Segment Start: Dataset records

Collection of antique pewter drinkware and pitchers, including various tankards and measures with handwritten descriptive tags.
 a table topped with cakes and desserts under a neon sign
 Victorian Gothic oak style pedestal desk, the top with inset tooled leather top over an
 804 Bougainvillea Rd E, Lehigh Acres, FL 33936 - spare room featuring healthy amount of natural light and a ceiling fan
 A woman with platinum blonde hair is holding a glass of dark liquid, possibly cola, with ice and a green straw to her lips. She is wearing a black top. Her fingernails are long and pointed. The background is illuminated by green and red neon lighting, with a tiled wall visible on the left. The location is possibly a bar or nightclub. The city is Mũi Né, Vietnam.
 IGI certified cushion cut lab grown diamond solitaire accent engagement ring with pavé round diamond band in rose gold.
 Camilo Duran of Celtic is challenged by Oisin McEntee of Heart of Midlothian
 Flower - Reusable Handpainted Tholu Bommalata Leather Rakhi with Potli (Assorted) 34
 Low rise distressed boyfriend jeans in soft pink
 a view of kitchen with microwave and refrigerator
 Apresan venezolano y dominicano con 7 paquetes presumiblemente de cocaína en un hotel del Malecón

Segment End: Dataset records

**Problem:**
Please reproduce all of the records exactly as they stand.

**Expected answer:**
Collection of antique pewter drinkware and pitchers, including various tankards and measures with handwritten descriptive tags.
 a table topped with cakes and desserts under a neon sign
 Victorian Gothic oak style pedestal desk, the top with inset tooled leather top over an
 804 Bougainvillea Rd E, Lehigh Acres, FL 33936 - spare room featuring healthy amount of natural light and a ceiling fan
 A woman with platinum blonde hair is holding a glass of dark liquid, possibly cola, with ice and a green straw to her lips. She is wearing a black top. Her fingernails are long and pointed. The background is illuminated by green and red neon lighting, with a tiled wall visible on the left. The location is possibly a bar or nightclub. The city is Mũi Né, Vietnam.
 IGI certified cushion cut lab grown diamond solitaire accent engagement ring with pavé round diamond band in rose gold.
 Camilo Duran of Celtic is challenged by Oisin McEntee of Heart of Midlothian
 Flower - Reusable Handpainted Tholu Bommalata Leather Rakhi with Potli (Assorted) 34
 Low rise distressed boyfriend jeans in soft pink
 a view of kitchen with microwave and refrigerator
 Apresan venezolano y dominicano con 7 paquetes presumiblemente de cocaína en un hotel del Malecón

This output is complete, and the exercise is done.